His criminal career began in the 1980s when he joined the 31st Front of the Revolutionary Armed Forces of Colombia (Fuerzas Armadas Revolucionarias de Colombia – FARC) after spending two years as secretary in the Communist Youth (Juventudes Comunista – JUCO). In the beginning, Jhon 40 used the name of Francisco Javier Builes to cover up his actions. But as he gained importance within the guerrilla organization, his real name came to light.
Shortly after joining the guerrillas, he learned the trade of drug trafficking thanks to Tomás Molina Caracas, alias “El Negro Acacio,” who by then was the FARC’s drug czar. In 2006, Jhon 40 was already considered one of Meta department’s drug lords. With extravagant clothes, jewelry and gold watches, luxurious vans and a satellite phone that never left his side, Jhon 40 was acquiring the characteristics of what would be the guerrilla’s most important drug lord. His power in the region was such that as commander of the 43rd Front, he was believed to move up to 100 tons of coca per year, receive billions of pesos for drug trafficking transactions and control almost 5,000 hectares of coca.
In 2006, the Colombian government, supported by the United States, implemented operation “Emperador,” which gathered 3,200 uniformed men in Meta with the sole objective of capturing Jhon 40.
The criminal power of Jhon 40 would increase in 2007, when Negro Acacio died after a military bombing. The FARC Secretariat ordered him to take control of the coca business in the south of the country. As a result, Jhon 40 went on to handle all of the drug trafficking in the departments of Meta and Guaviare, which not only increased his power within the FARC, but also increased his lack of discipline and excesses.

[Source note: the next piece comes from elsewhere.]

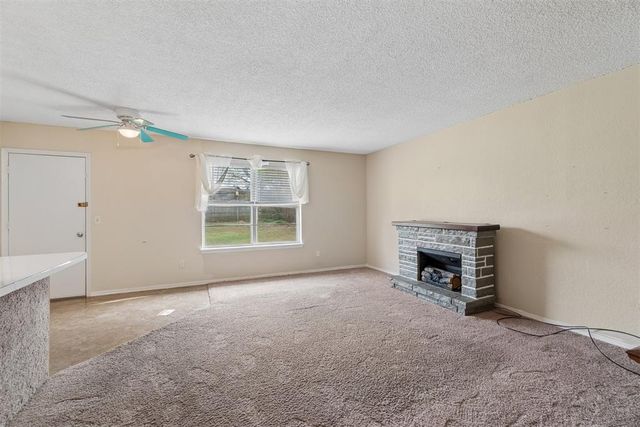 1624 NE 4th Street, Moore, OK 73160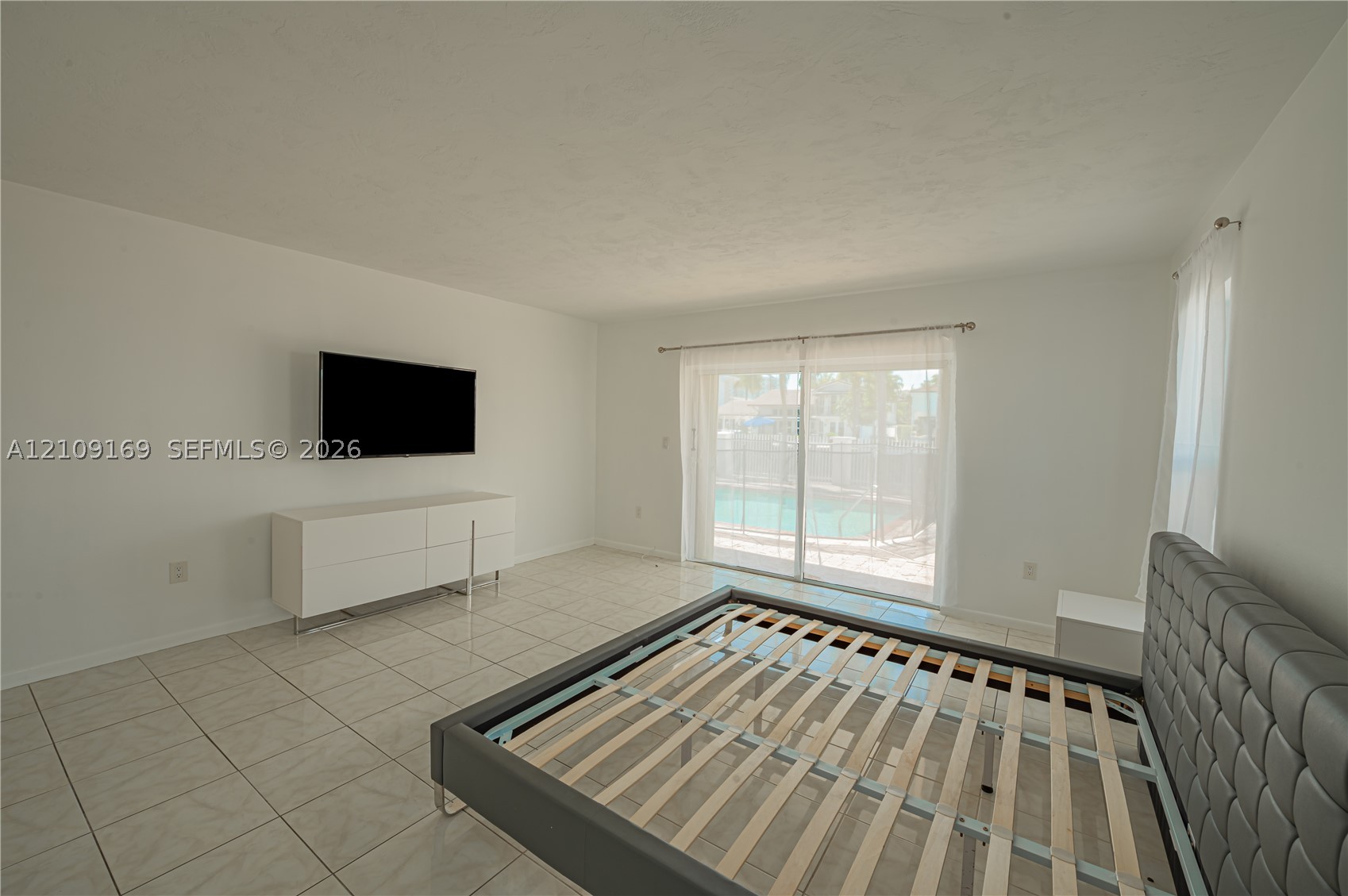 16466 NE 31st Ave, North Miami Beach FL 33160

In 2008, the Colombian government bombed his camp, leaving him severely wounded and striking the structure of the 43rd Front. Due to this, in 2010 the FARC Secretariat carried out a “revolutionary trial” against John 40. He was accused of a growing lack of discipline, “bad” drug trafficking practices and weakening his front. The results of this war council weren’t clear, but some sources said that John 40 was under the direct orders of a member of the Secretariat. On the other hand, other sources indicated that there were no reprimands against the 43rd Front’s commander, and that he instead fled to Venezuela after the bombing.
Jhon 40 surfaced again in 2012 when men under his command clashed with the military in the jungles of the department of Guainía. That same year he was identified as having founded the “Acacio Medina” Front in the municipality of Maroa across the border in Venezuela.
With the beginning of the peace talks between the Colombian government and the FARC Secretariat, Jhon 40 was considered the main financier of the Eastern Bloc, mainly due to his control over the commercialization of cocaine in Colombia’s border regions with Venezuela and Brazil, and his ties with drug traffickers from both countries.
By 2015, Jhon 40 was named as one of the commanders who would not participate in the FARC’s demobilization process. In fact, the National Anti-Narcotic and Money Laundering Directorate (Dirección Nacional de Antinarcóticos y Lavado de Activos) accused Jhon 40 of continued involvement in criminal activities in Meta.
His distancing from the peace process was confirmed in 2016, when he announced that he would not demobilize with the guerrillas. Soon after, the FARC Secretariat officially expelled him from their ranks along with four other commanders. By December of that year, the national authorities identified Jhon 40 as a high-value target, while Interpol issued a red alert against him.
Currently Jhon 40 seems to be in Venezuela and hidden in a border area near Colombia. He may have allied with remnants of the Acacio Medina Front and continued to control cocaine markets in Venezuela, as well as illegal coltan mining in Amazonas state.
When he belonged to the FARC, Jhon 40 controlled international cocaine shipment routes from Meta and Guaviare. He was in charge of relations with drug buyers in Colombia’s border regions with Brazil and Venezuela, who guaranteed them that at least 100 tons of cocaine would be trafficked per year. His profits were counted by the billions of pesos, making him one of the main economic suppliers of the FARC’s Eastern Bloc.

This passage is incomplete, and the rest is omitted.